1.佐藤総理大臣とニクソン大統領は、11月19日、20日および21日にワシントンにおいて会談し、現在の国際情勢および日米両国が共通の関心を有する諸問題に関し意見を交換した。

2.総理大臣と大統領は、各種の分野における両国間の緊密な協力関係が日米両国にもたらしてきた利益の大なることを認め、両国が、ともに民主主義と自由の原則を指針として、世界の平和と繁栄の不断の探求のため、とくに国際緊張の緩和のため、両国の成果ある協力を維持強化していくことを明らかにした。大統領は、アジアに対する大統領自身および米国政府の深い関心を披瀝し、この地域の平和と繁栄のため日米両国があい協力して貢献すべきであるとの信念を述べた。総理大臣は、日本はアジアの平和と繁栄のため今後も積極的に貢献する考えであることを述べた。
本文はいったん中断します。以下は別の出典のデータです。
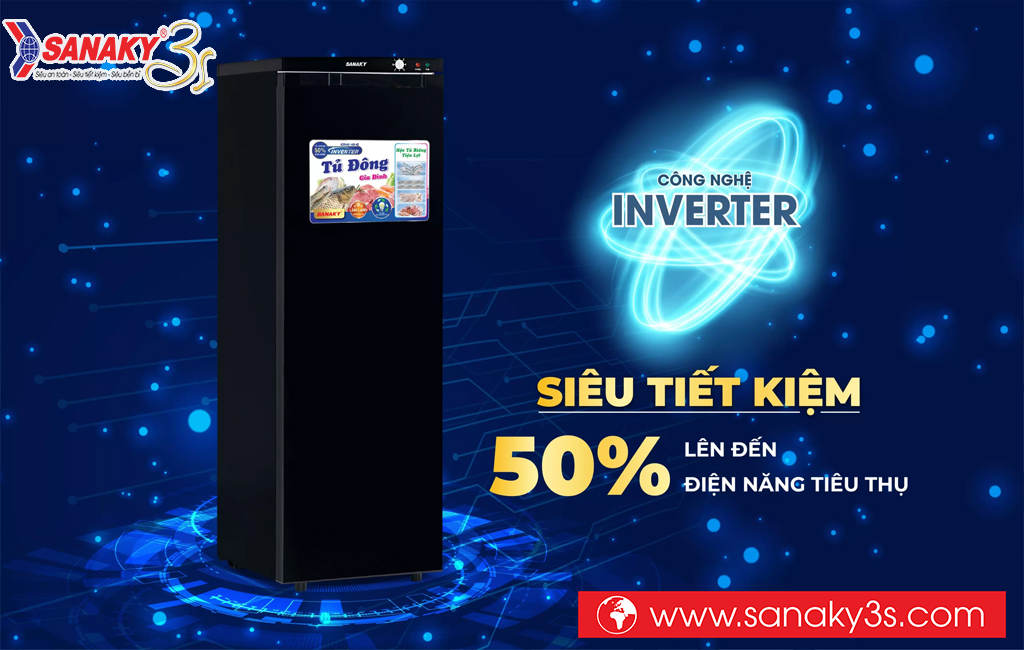 Tủ đông đứng Sanaky inverter tiết kiệm điện năng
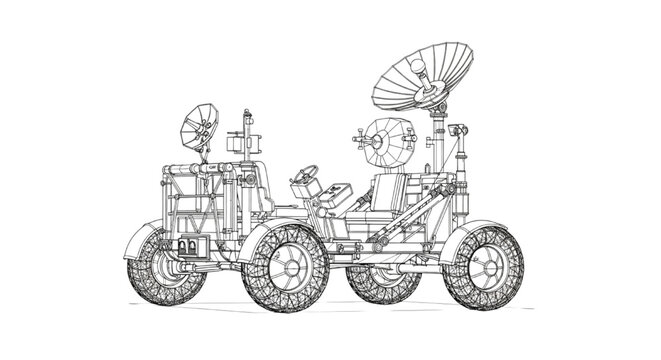 Detailed CAD 3D Wireframe Rendering of a Lunar Exploration Rover Vehicle Designed for Extraterrestrial Terrain Investigation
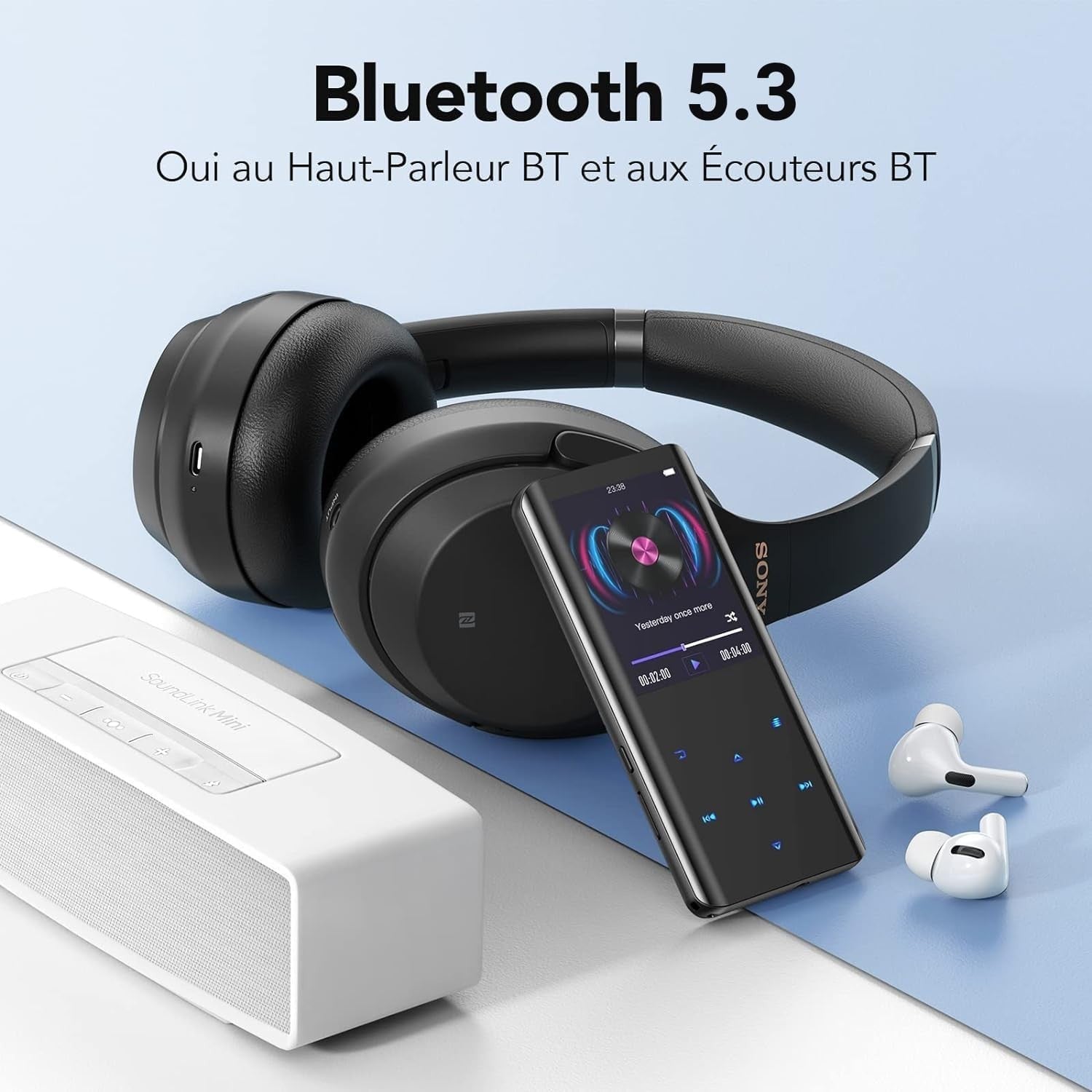 32GB MP3 Player Bluetooth 5.3 Portable Music Player FM Radio & Voice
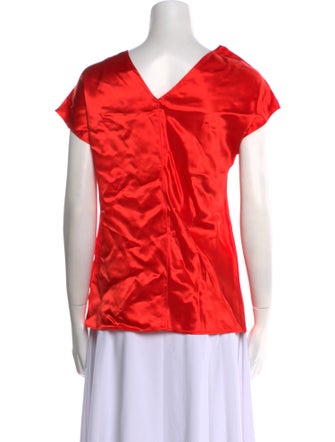 Helmut Lang V-Neck Short Sleeve Blouse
3.総理大臣と大統領は、現下の国際情勢、特に極東における事態の発展について隔意なく意見を交換した。大統領は、この地域の安定のため域内諸国にその自主的努力を期待する旨を強調したが、同時に米国は域内における防衛条約上の義務は必ず守り、もつて極東における国際の平和と安全の維持に引き続き貢献するものであることを確言した。総理大臣は、米国の決意を多とし、大統領が言及した義務を米国が十分に果たしうる態勢にあることが極東の平和と安全にとつて重要であることを強調した。総理大臣は、さらに、現在の情勢の下においては、米軍の極東における存在がこの地域の安定の大きなささえとなつているという認識を述べた。
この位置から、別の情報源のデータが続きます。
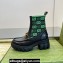 Gucci Heel 6cm Women's Horsebit ankle boots with GG jersey Black/Green 2024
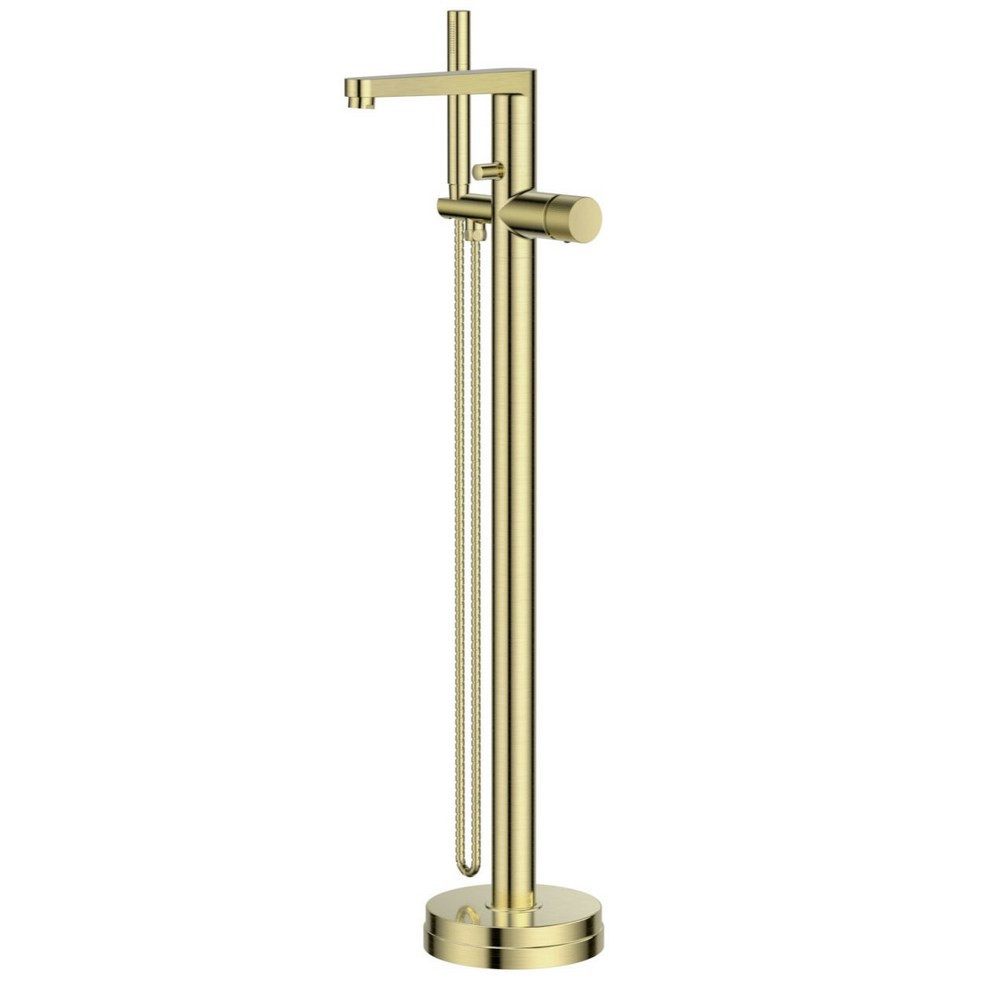 Scudo Koko Brushed Brass Freestanding Bath Shower Mixer (1)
4.総理大臣と大統領は、特に、朝鮮半島に依然として緊張状態が存在することに注目した。総理大臣は、朝鮮半島の平和維持のための国際連合の努力を高く評価し、韓国の安全は日本自身の安全にとつて緊要であると述べた。総理大臣と大統領は、中共がその対外関係においてより協調的かつ建設的な態度をとるよう期待する点において双方一致していることを認めた。大統領は、米国の中華民国に対する条約上の義務に言及し、米国はこれを遵守するものであると述べた。総理大臣は、台湾地域における平和と安全の維持も日本の安全にとつてきわめて重要な要素であると述べた。大統領は、ヴィエトナム問題の平和的かつ正当な解決のための米国の誠意ある努力を説明した。総理大臣と大統領は、ヴィエトナム戦争が沖繩の施政権が日本に返還されるまでに終結していることを強く希望する旨を明らかにした。これに関連して、両者は、万一ヴィエトナムにおける平和が沖繩返還予定時に至るも実現していない場合には、両国政府は、南ヴィエトナム人民が外部からの干渉を受けずにその政治的将来を決定する機会を確保するための米国の努力に影響を及ぼすことなく沖繩の返還が実現されるように、そのときの情勢に照らして十分協議することに意見の一致をみた。総理大臣は、日本としてはインドシナ地域の安定のため果たしうる役割を探求している旨を述べた。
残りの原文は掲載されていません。